Information provided:
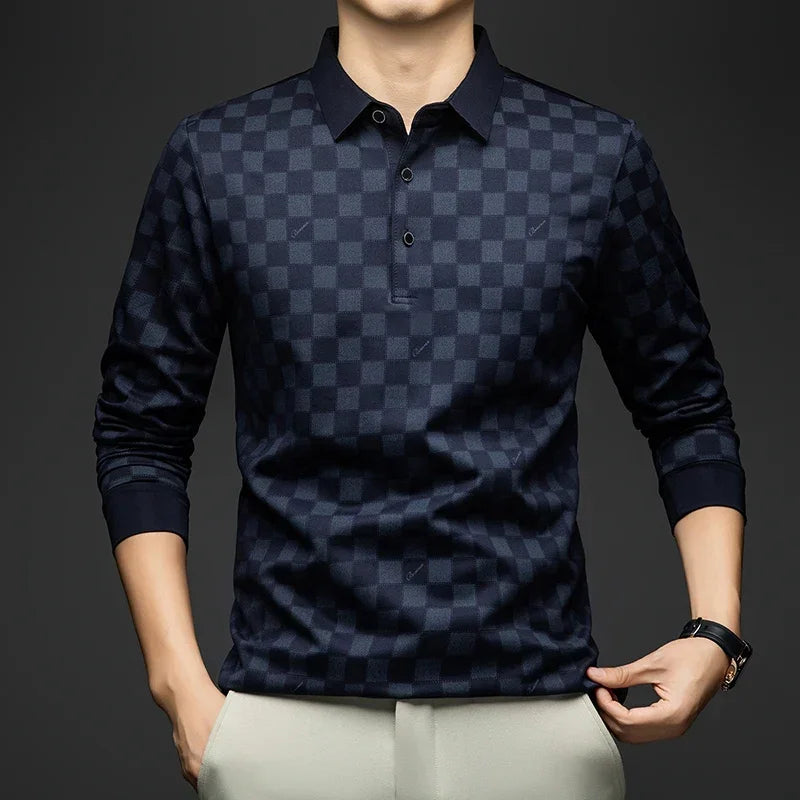 Polo Shirts for Man Autumn Business Slim Fit Long Sleeve T Shirt Men New Casual Loose Pullover Plaid Men Tops & Tees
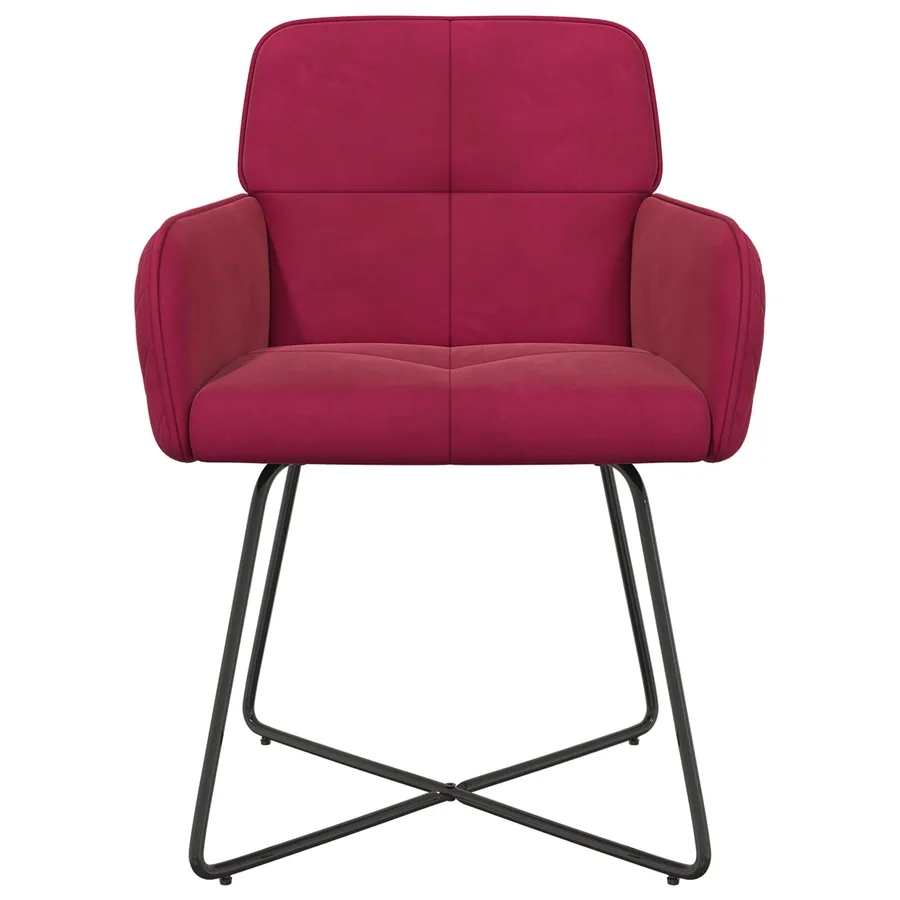 Chaises de salle à manger 6 pcs Velours Bordeaux - 3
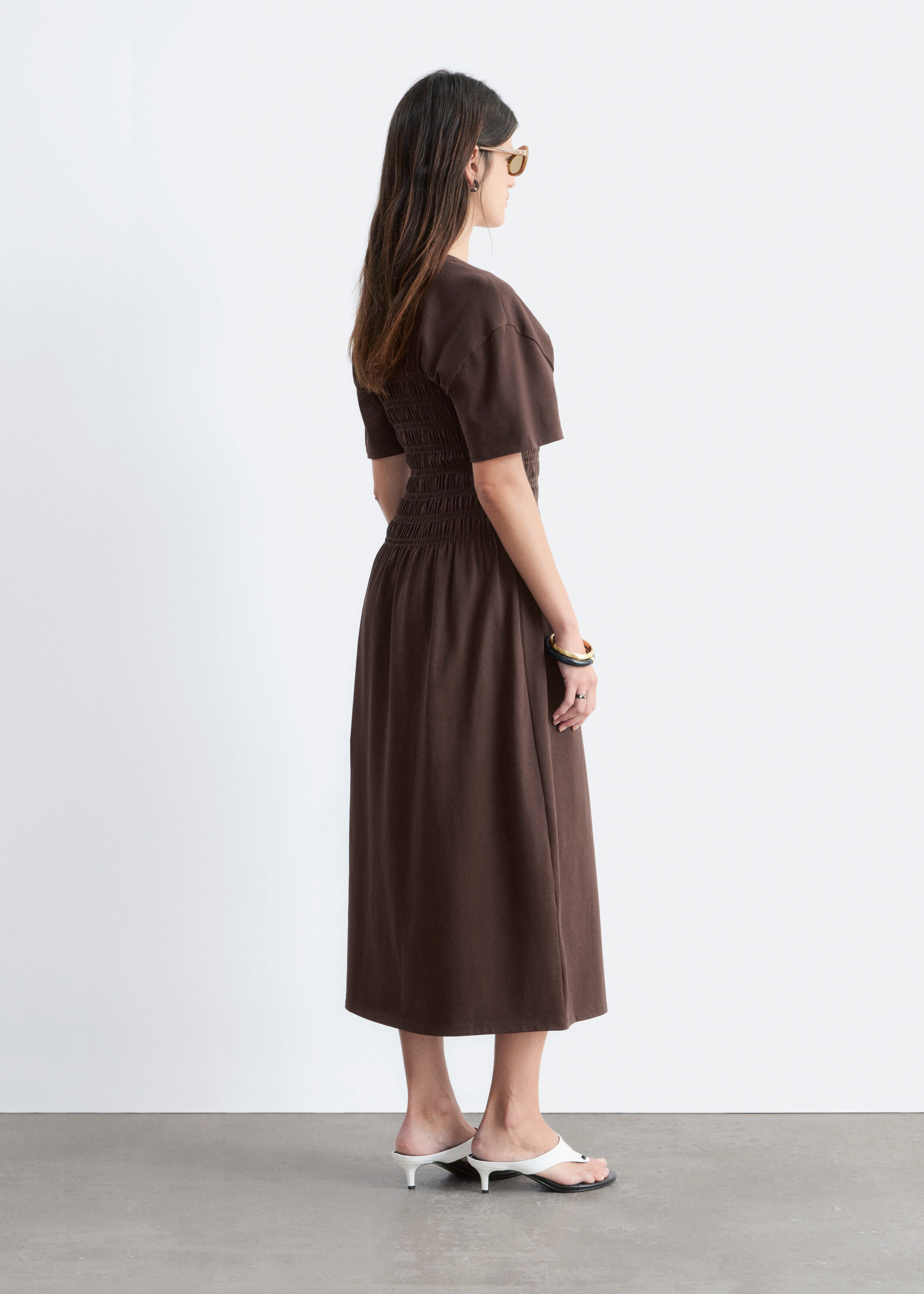 & Other Stories SMOCKED MIDI DRESS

Work required: Leave out every picture and copy verbatim the lines running from the line containing "Chaises de salle" through the final line of the data.

Solution:
 Chaises de salle à manger 6 pcs Velours Bordeaux - 3
 & Other Stories SMOCKED MIDI DRESS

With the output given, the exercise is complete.